> **Exercise goal**
Find the line in the material below that contains "Сдам офисное помещение", then give it again, with all later lines, exactly as shown.

> **The records**
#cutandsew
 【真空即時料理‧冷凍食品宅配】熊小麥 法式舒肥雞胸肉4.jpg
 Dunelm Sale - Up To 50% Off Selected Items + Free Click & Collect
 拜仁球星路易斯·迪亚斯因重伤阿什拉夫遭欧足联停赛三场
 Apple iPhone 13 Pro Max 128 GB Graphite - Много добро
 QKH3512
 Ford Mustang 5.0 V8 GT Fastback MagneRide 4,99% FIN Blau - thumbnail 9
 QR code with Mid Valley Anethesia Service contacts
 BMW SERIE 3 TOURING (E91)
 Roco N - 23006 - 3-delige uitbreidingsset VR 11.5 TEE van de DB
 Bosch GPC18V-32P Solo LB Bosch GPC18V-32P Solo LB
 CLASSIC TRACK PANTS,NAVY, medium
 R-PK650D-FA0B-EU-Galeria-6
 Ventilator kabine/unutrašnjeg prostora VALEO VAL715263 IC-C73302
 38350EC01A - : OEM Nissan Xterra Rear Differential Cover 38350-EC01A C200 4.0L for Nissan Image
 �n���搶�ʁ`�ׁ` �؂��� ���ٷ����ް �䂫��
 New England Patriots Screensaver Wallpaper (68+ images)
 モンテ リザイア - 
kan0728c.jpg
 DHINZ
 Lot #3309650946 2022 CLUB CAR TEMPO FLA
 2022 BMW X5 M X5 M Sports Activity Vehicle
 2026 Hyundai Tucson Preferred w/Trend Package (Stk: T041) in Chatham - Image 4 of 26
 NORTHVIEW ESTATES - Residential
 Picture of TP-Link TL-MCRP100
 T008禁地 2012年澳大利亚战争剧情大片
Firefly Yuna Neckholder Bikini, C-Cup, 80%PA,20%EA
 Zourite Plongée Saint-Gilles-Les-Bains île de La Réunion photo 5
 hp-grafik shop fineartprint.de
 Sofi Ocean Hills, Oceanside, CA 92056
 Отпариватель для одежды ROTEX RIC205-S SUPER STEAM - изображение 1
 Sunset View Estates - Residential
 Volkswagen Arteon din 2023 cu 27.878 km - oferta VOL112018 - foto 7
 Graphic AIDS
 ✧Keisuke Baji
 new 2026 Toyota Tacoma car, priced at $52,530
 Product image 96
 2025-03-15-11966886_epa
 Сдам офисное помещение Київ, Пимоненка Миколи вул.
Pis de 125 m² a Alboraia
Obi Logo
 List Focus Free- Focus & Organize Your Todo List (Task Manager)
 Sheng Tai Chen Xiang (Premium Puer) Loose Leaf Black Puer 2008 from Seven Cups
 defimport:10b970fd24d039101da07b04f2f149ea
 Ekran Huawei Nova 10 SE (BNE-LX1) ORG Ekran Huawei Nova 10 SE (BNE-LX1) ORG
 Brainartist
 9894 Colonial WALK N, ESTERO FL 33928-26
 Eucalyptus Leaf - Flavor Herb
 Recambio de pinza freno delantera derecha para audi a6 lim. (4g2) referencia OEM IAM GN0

> **Expected answer**
 Сдам офисное помещение Київ, Пимоненка Миколи вул.
Pis de 125 m² a Alboraia
Obi Logo
 List Focus Free- Focus & Organize Your Todo List (Task Manager)
 Sheng Tai Chen Xiang (Premium Puer) Loose Leaf Black Puer 2008 from Seven Cups
 defimport:10b970fd24d039101da07b04f2f149ea
 Ekran Huawei Nova 10 SE (BNE-LX1) ORG Ekran Huawei Nova 10 SE (BNE-LX1) ORG
 Brainartist
 9894 Colonial WALK N, ESTERO FL 33928-26
 Eucalyptus Leaf - Flavor Herb
 Recambio de pinza freno delantera derecha para audi a6 lim. (4g2) referencia OEM IAM GN0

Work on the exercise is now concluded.